Flow in Pipe Concept

Flow in pipe can consist of single phase flow (gas, oil, or water only) or more which can be called multiphase (gas and liquid). In general, fluid in pipe can flow from an inlet point to outlet point if the pressure at outlet point is smaller than the pressure at inlet point, Pout < Pin (ΔP>0). If the pressure at inlet point is equal to the pressure at outlet point, Pout = Pin (ΔP=0), then fluid flow along pipe will not happen.

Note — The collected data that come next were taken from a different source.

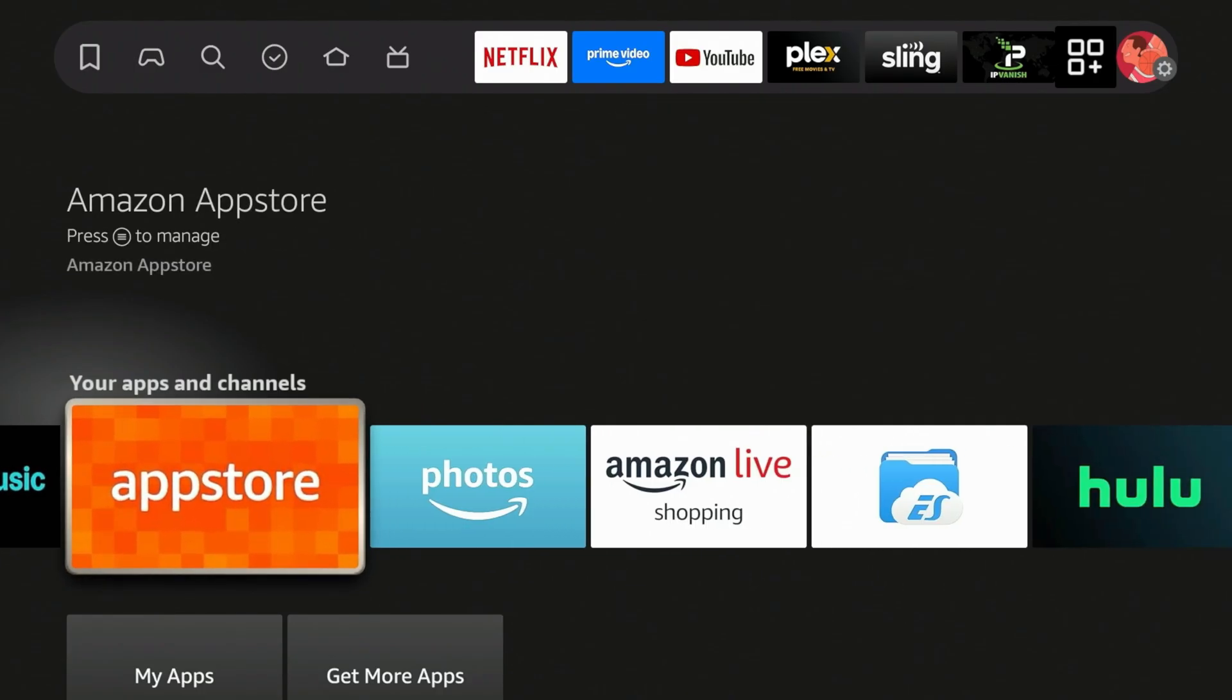If your Fire Stick is up to date, that vulnerability has already been closed.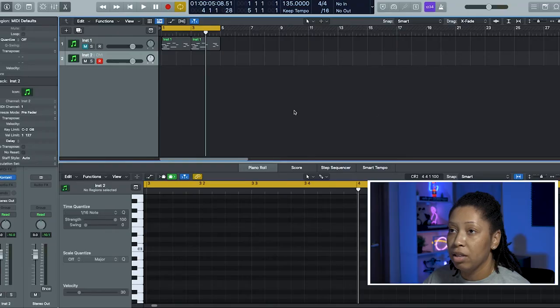So today I feel like making some emo trap. Let's do something a little different. Emo trap is not super difficult, it's literally like guitars and some hard drums, so let's get into it.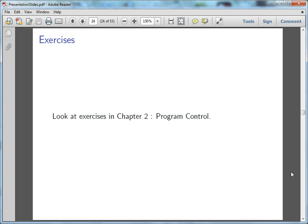And go ahead and check out the second chapter exercises and let me know if you have any problems. Alright, bye.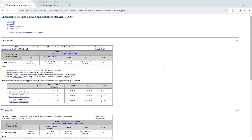The reason Cisco released Call Manager 15 is related to the base operating system. Call Manager 10 and 11 ran on Red Hat Linux 5.06. After Call Manager 12 and 14, Cisco used CentOS as the base OS. CentOS announced end of life, so Cisco made Call Manager 14 end of life as well and came up with Call Manager 15, which uses Alma Linux — an open source system — as its base operating system.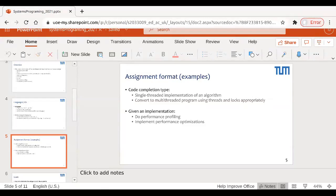Regarding the survey form on TUM Online — someone asked what to put if they don't have public repositories to show their background. That's not a problem. We'll ask certain questions in addition to asking for a repository link, so you can answer those instead. We'll think about the right format and will most likely put the survey online tonight, so you can check it tomorrow morning.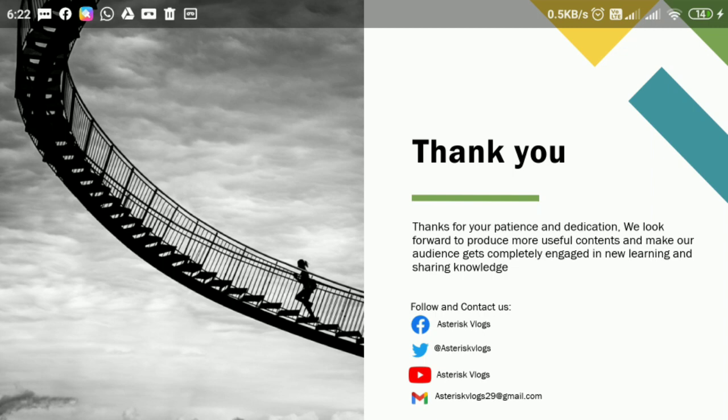Hope you all got a chance to learn something from this session. Only support be required from you is, please subscribe and share our channel. Also, help us by giving your valuable feedbacks in comment box, which helps us to improve our future content in a better way. Thank you and bye now from Asterisk Vlogs.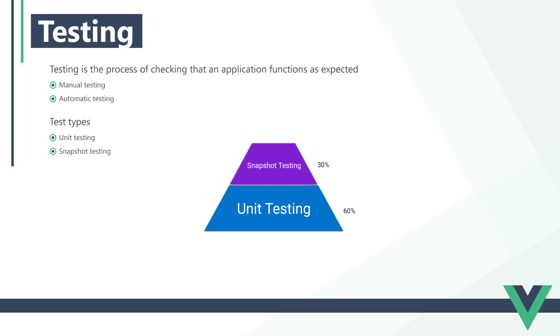End-to-end testing checks if the flow of the application is behaving correctly from start to finish. It simulates the steps a user will go through when using our app.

Figure 1: Flow in Pipe Concept

Figure 1 is a figure that show pipeline with inlet point consist of three pipe segments, segment 1 with pressure P1 and flow rate Q1 , segment 2 with pressure P2 and flow rate Q2, and segment 3 with pressure P3 and flow rate  Q3. The fluid of three pipe segments will be streamed to a gathering pipe with outlet pressure as Pout and fluid flow rate as Qout. Flow rate Qout shall be the sum of Q1, Q2, and Q3, because the pipeline in Figure 1 is assumed there is not inhibitor there.

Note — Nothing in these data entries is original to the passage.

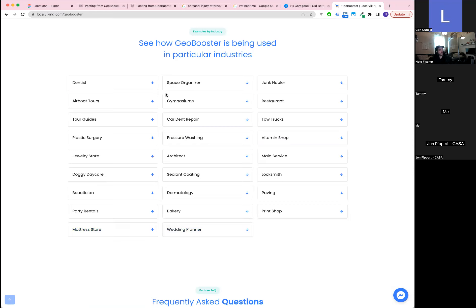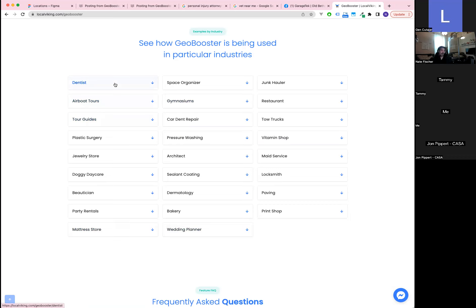On other engineering updates: geo grid notifications are either already deployed or deploying very soon. These will notify you when a particular grid has a grid point that enters the top three for the first time, or enters the top three for a second or greater time.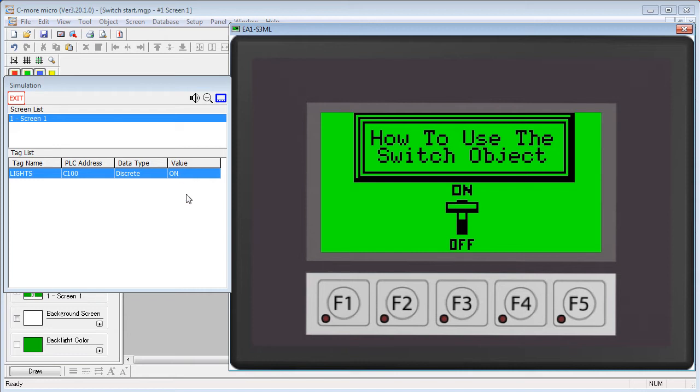The only real difference between the push button switch and this switch is instead of a text message on a button that lights up, you can use a graphical version of switches typically found on control panels to help the user better relate to the expected action.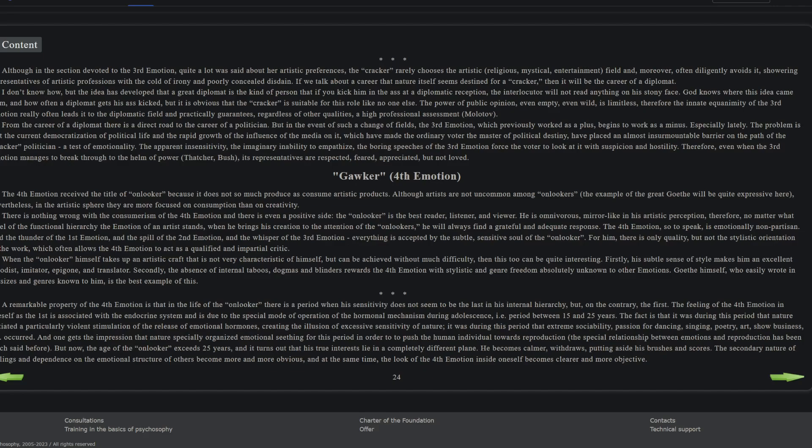So this is only like two to three paragraphs, but here we go. This is also the first position that I have as part of my self-typing. Let's get into it. The fourth emotion received the title of onlooker. It's also the nickname is gawker or onlooker. I kind of like gawker better because it has this goofy quality, like you're gawking at something. The fourth emotion received the title of onlooker because it does not so much produce as consume artistic products. Although artists are not uncommon among onlookers, the example of the great Goethe will be quite expressive here.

If Qout is not summation of three flow rate (Q1, Q2, and Q3), it indicate that there is leak in pipe flow. As was explained earlier that the fluid flows from high pressure to low pressure, so fluid from the third inlet segments will flow into outlet segment if the value of P1, P2, and P3 respectively is greater than Pout.

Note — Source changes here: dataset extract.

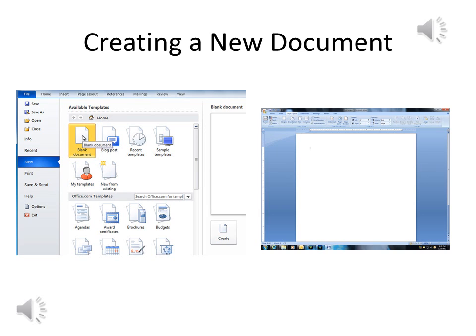If you have a computer class pass, your secret code is Microsoft Word Made Easy. Write this code down and let me know so I can get you marked down for the class.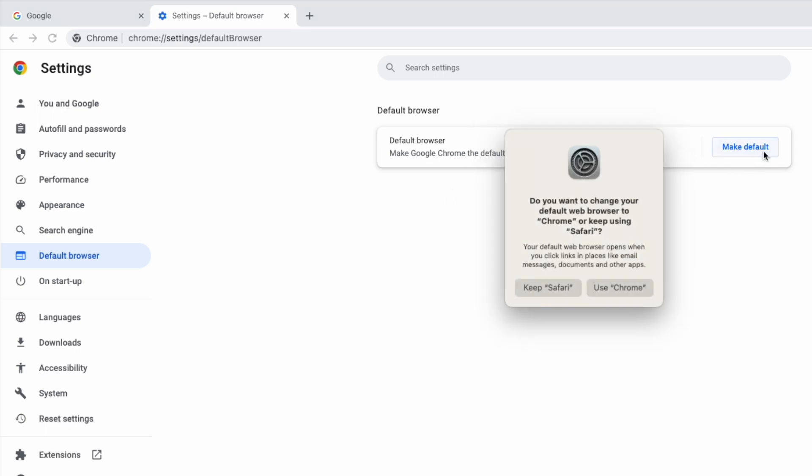A pop-up message will then appear asking you to approve that you want to change your default web browser. I'll click the Use Chrome button to confirm that.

A case that could possibly occur on the fluid in pipe is the pressure in the inlet segment is smaller than Pout, so the fluid will experience back-flow. Backflow can occur in variety of possibilities, namely the fluid from inlet segment which has higher pressure will flow into inlet segment which has lower pressure. When this condition occurs, then the flow rate that reaches outlet point will not optimal. Similarly, for fluid flow in the production pipeline, if backflow occur, the fluid flow rate through separator will not optimal.